To demonstrate how groups reach those good collective outcomes, Rand recruited nearly 800 volunteers, who in groups of between 20 and 30 took part in the study by playing a simple game.
At the outset, Rand said, each player begins with an equal number of points, and is randomly connected with one or more players. As the game progresses, players have the opportunity to be either generous, and give 50 points to each player they are connected with, or be selfish and do nothing. Following each round, 30 percent of the players are randomly given the opportunity to update their connections, based on whether other players have been generous or selfish.
The findings, Rand said, showed that players were more willing to make new connections or maintain existing connections with those who acted generously, and break connections with those who behaved selfishly.
“Because people have control over who they are interacting with, as you would expect, people are more likely to form connections with people who are cooperative, and much more likely to break those links with people who are not,” Rand said. “Basically, what it boils down to is you’d better be a nice guy, or else you’re going to get cut off.”
The study also uncovered a correction mechanism inherent to social groups. Those who were initially noncooperative, Rand said, were found to be twice as likely to become cooperative after being shunned, suggesting that being cut off from the group acts as a sort of internal discipline, ensuring that cooperation remains high within a social network.
“As a result, when you have a network that’s dynamic, you see stable, high levels of cooperation, whereas in a static network you see a steady breakdown of cooperation,” Rand said.

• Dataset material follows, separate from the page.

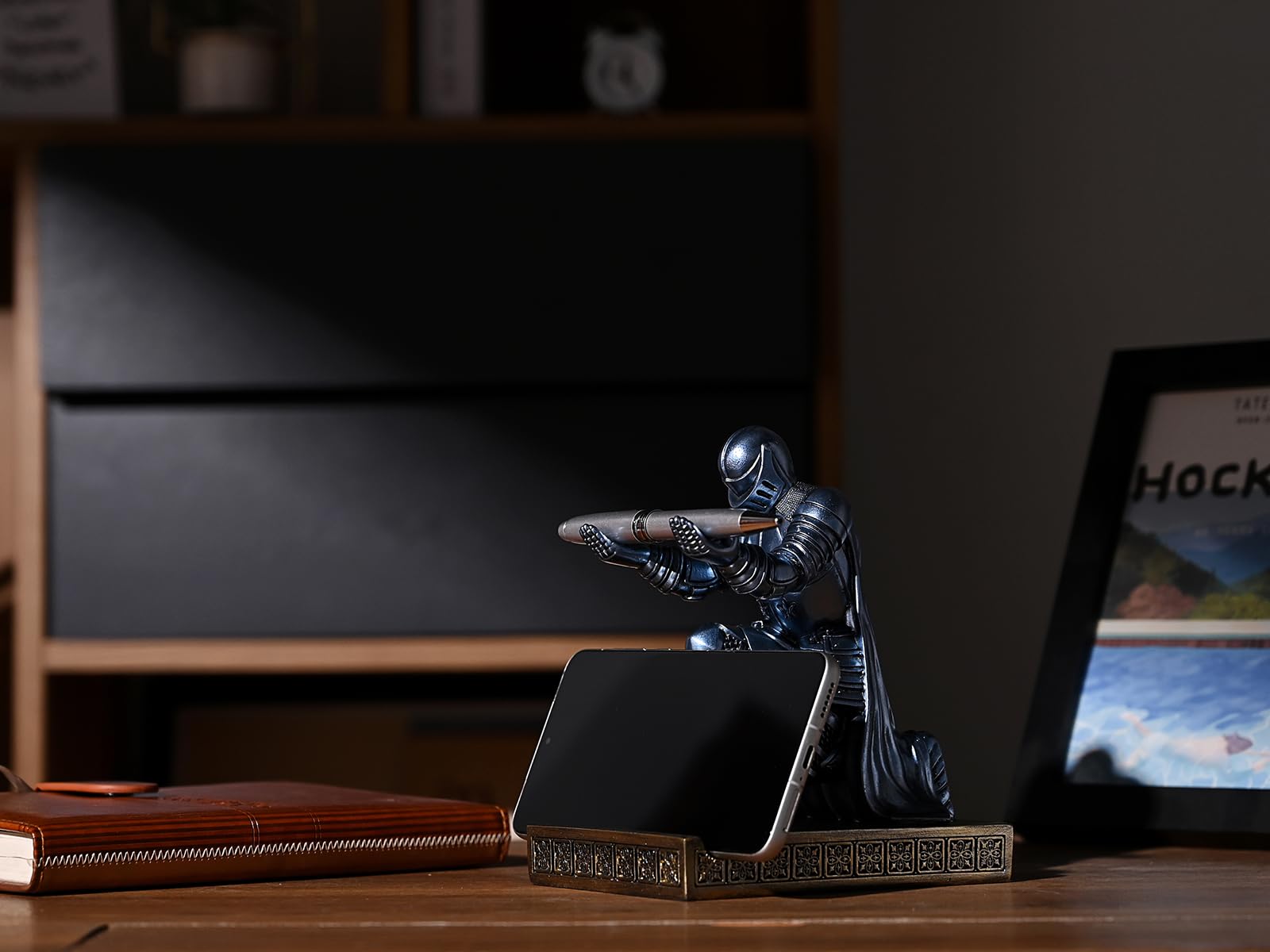 Windbreaker Soldier Knight Pen Holder Personalized Desk Accessory Blue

The research also is notable for its experimental design, the researcher said. Rather than recruit test subjects to come to his lab for testing, Rand relied on Amazon Mechanical Turk, an online labor market created by Amazon.com, to enlist nearly 800 volunteers from across the globe.
“Lab experiments are incredibly valuable, because they let you very tightly control the experimental conditions, which you need to demonstrate causality,” Rand said. “But the thing about lab experiments is they tend to be very time-consuming and expensive, because it’s difficult to get people to come into the lab. The Internet offers an amazing opportunity for streamlining the process. But the problem has been: Where do you get the people, and how do you set these systems up?”
Developed several years ago, Mechanical Turk is an online labor market where employers can hire workers to perform what they call “human intelligence tasks” — simple, repetitive ones that are easy for humans — such as describing the content of a picture, transcribing audio or translating text from one language to another — but are frustratingly difficult to program computers to perform.
“What we’re doing is crowd-sourcing experimental social science,” Rand said. “We are now an ‘employer’ on Mechanical Turk, but instead of asking people to label images, we’re hiring them to take part in our experiments.”
Though the paper is one of a very few to use Mechanical Turk to recruit volunteers, Christakis said the site has already had a wide-ranging impact on the social sciences.
“This is a whole new way of doing social science and conducting experiments,” he said. “By creating a virtual laboratory, it broadens the scale and speed of these experiments. In principle, one can do an experiment with thousands of participants, and we are able to control how participants interact in ways that were unimaginable even five years ago.”